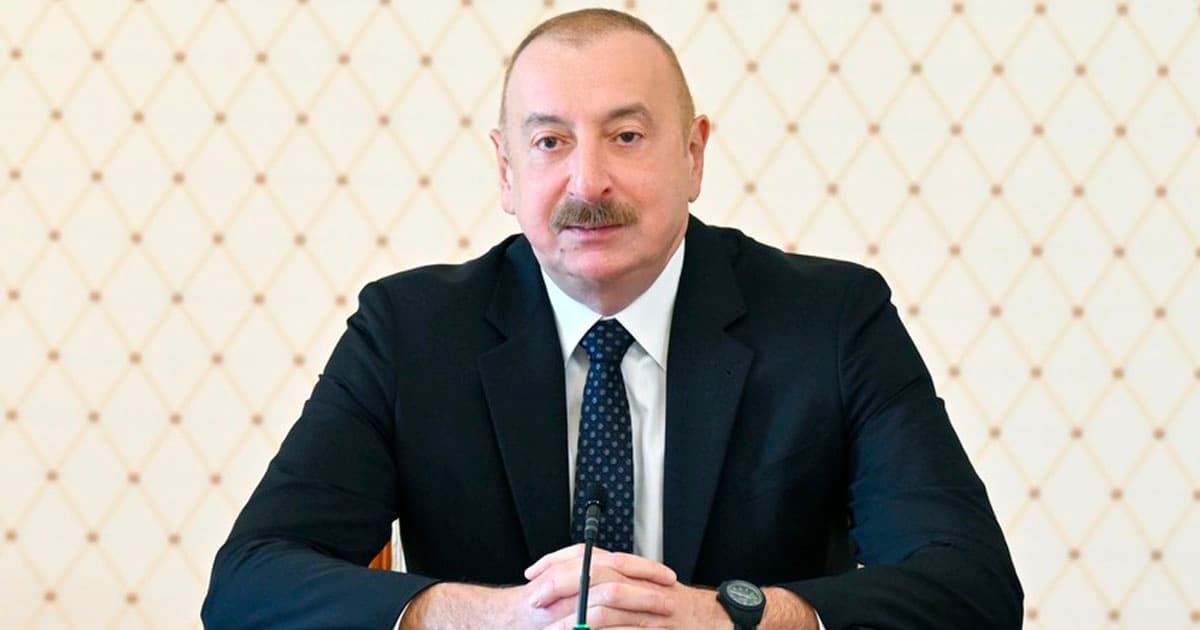 İlham Əliyev Rusiya ilə münasibətlərdən danışdı İlham Əliyev Rusiya ilə münasibətlərdən danışdı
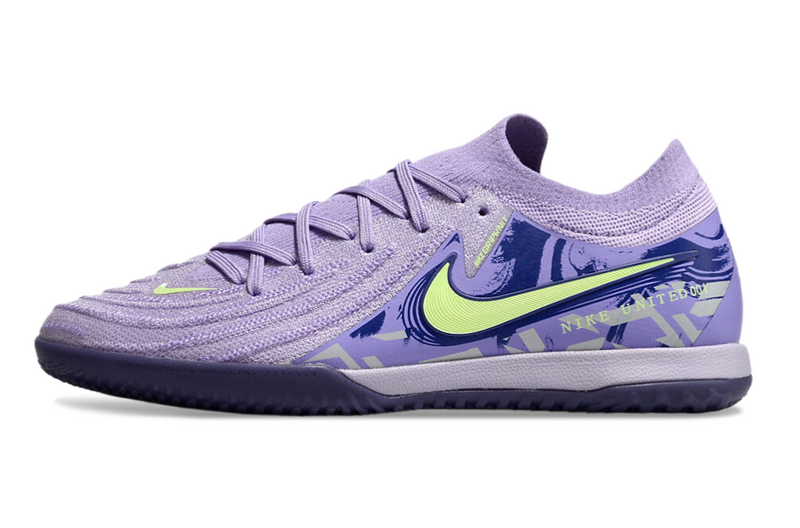 CHUTEIRA NIKE PHANTOM GX II ELITE FUTSAL "UNITED" - ROXA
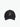 Maison Kitsune Cafe Kitsune Cap Black
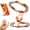 Rose Gold, variant on Double-Sided Magnetic Fidget Spinner Stand, 2 in 1 Fingertip Gyroscope Phone Holder, 360° Rotation, Folds Pocket-Flat, Applicable To Multiple Scenarios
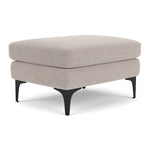 Agnes Brown Textured Weave / Black Metal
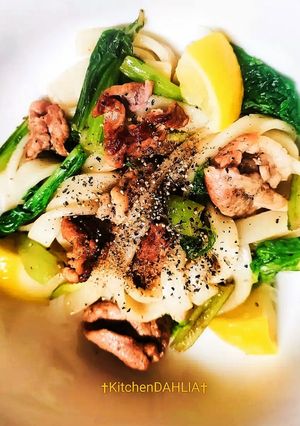 シャキ旨🇹🇭爽やかタイ風うどん🍋日本最適化-レシピのメイン写真
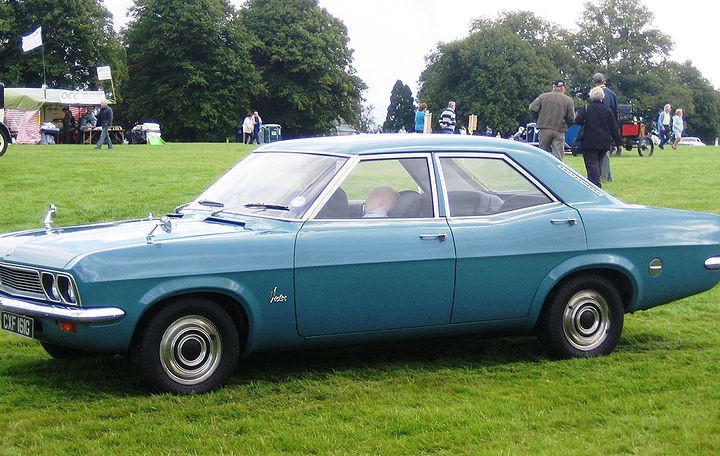 Technical specifications and characteristics for【Vauxhall Victor】 - picture 3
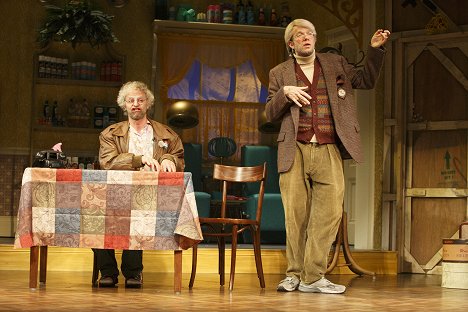 Nick Kroll, John Mulaney - Oh, Hello On Broadway - Photos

• • • • •

EXERCISE DIRECTIONS – From the line containing "Technical specifications and" down to the last line of the entries above, copy each line exactly and nothing more. Leave pictures out.

RESULT OF THE EXERCISE –
 Technical specifications and characteristics for【Vauxhall Victor】 - picture 3
 Nick Kroll, John Mulaney - Oh, Hello On Broadway - Photos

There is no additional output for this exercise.